Please return only the lines from the one holding "Needles x PENDLETON" through the one holding "Italian Grandma Makes", exactly as they appear in the records below, both ends included.

Start of Dataset records

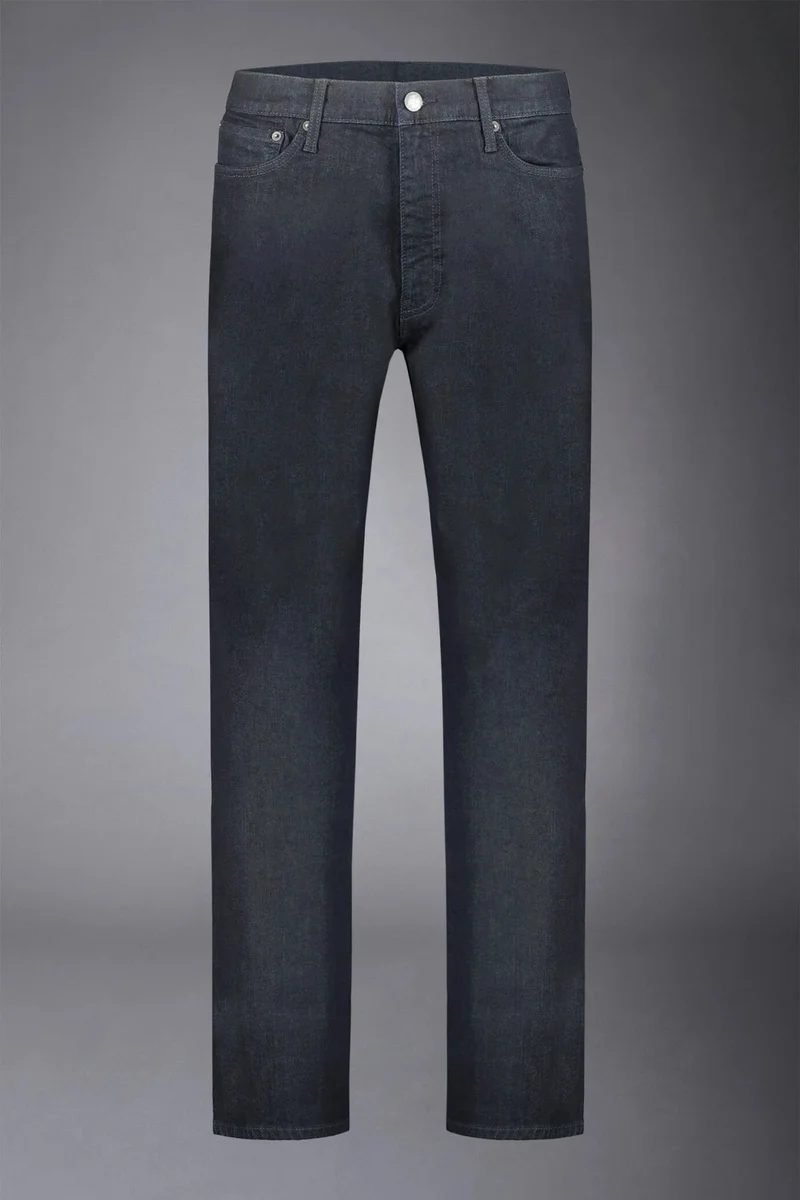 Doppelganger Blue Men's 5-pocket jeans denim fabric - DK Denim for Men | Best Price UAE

End of Dataset records
Start of Dataset records

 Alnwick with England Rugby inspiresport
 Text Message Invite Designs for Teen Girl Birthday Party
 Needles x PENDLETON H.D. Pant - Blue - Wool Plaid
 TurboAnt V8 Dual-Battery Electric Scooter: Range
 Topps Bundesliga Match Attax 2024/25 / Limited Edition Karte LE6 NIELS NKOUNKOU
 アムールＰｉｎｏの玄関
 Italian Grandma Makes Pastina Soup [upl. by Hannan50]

End of Dataset records
Start of Dataset records

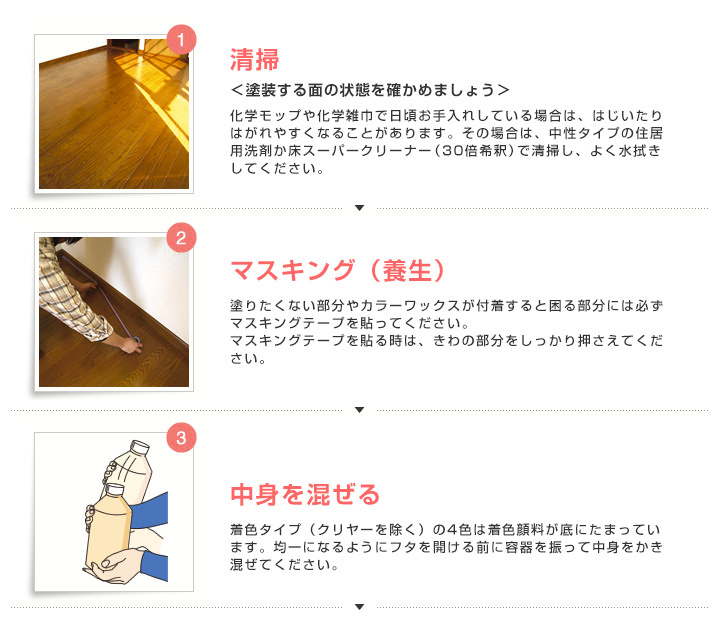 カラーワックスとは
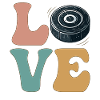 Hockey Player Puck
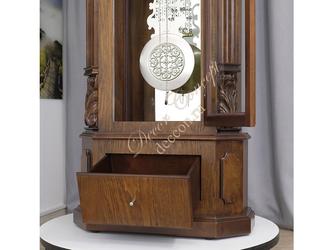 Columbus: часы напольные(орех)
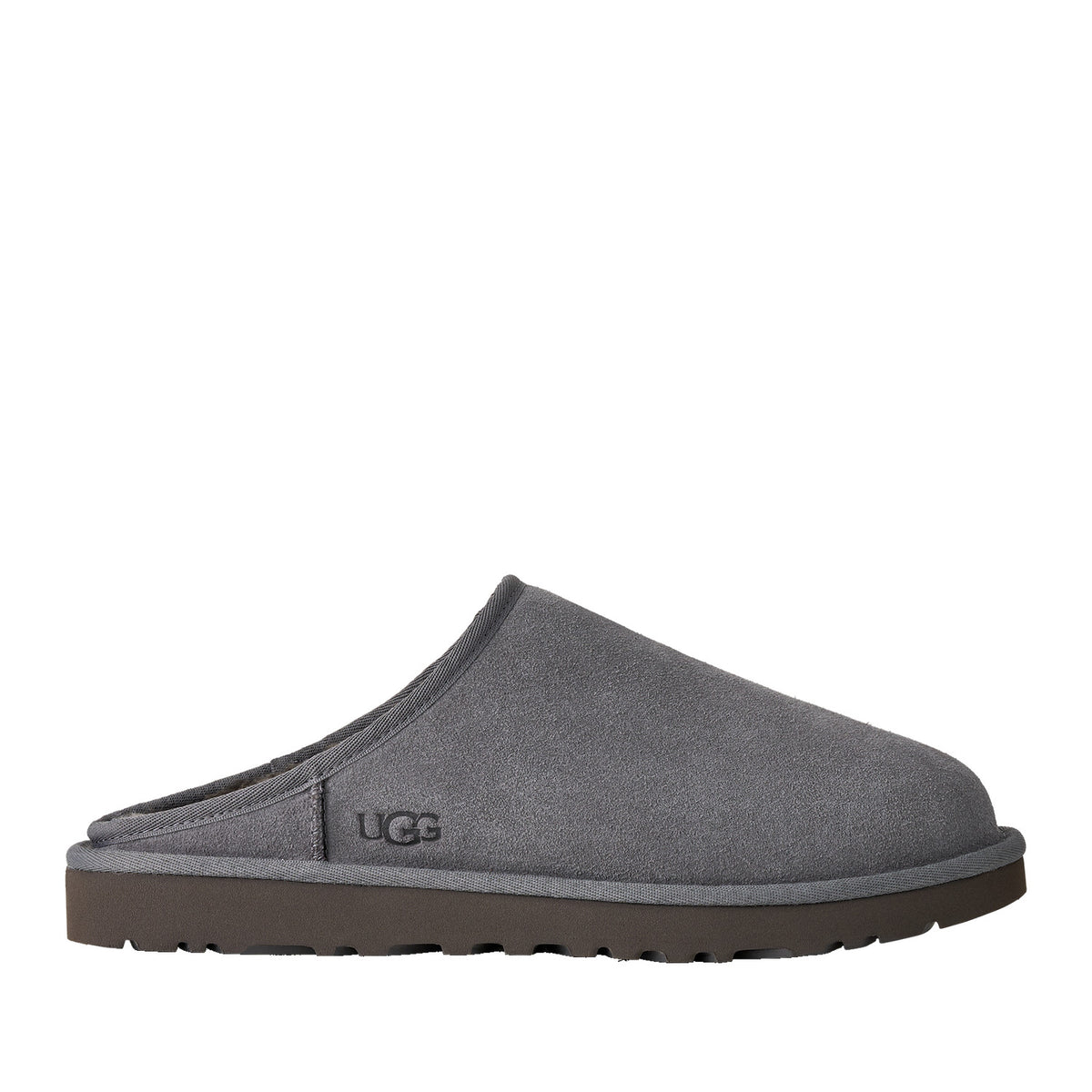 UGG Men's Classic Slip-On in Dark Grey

End of Dataset records

**Expected output**.
 Needles x PENDLETON H.D. Pant - Blue - Wool Plaid
 TurboAnt V8 Dual-Battery Electric Scooter: Range
 Topps Bundesliga Match Attax 2024/25 / Limited Edition Karte LE6 NIELS NKOUNKOU
 アムールＰｉｎｏの玄関
 Italian Grandma Makes Pastina Soup [upl. by Hannan50]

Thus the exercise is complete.